Invention of The Curveball
Cummings is often credited with being the first pitcher to throw a curveball, reportedly in 1867 at Worcester, Massachusetts while playing for the Brooklyn Excelsiors; some sources say later with the Brooklyn Stars. It wasn't until the Stars acquired catcher, Nat Hicks, that Cummings was able to use his curveball. Hicks' pivotal role in the development of the curveball is seldom mentioned. Most catchers of his era stood twenty to twenty-five feet behind the batter, which made it impossible to field a curveball. It was Hicks' catching technique of standing directly behind the batter, that allowed Cummings to introduce his curveball. The introduction of the curveball radically changed pitching, and also changed the way catchers fielded their position.
Cummings said that he discovered the idea of the curveball while studying the movement sea shells made when thrown. After noticing this movement, he began trying to make a baseball move the same way, and thus created the new pitch. He would later recall from that game: "I became fully convinced that I had succeeded ... the batters were missing a lot of balls; I began to watch the flight of the ball through the air, and distinctly saw it curve."

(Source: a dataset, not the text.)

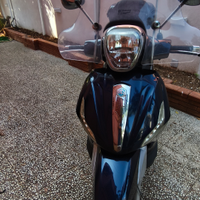 Beverly 300 anno 2014 km 22000 euro 2150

Another pitcher to claim inventing the curveball is New Haven, Connecticut-born Fred Goldsmith. Goldsmith is credited with the first publicly recorded demonstration of the pitch on August 16, 1870, at the Capitoline Grounds in Brooklyn, New York. Sportswriter Henry Chadwick covered that in the Brooklyn Eagle newspaper, August 17, 1870.
Candy Cummings was born in Ware, Massachusetts, and died in Toledo, Ohio.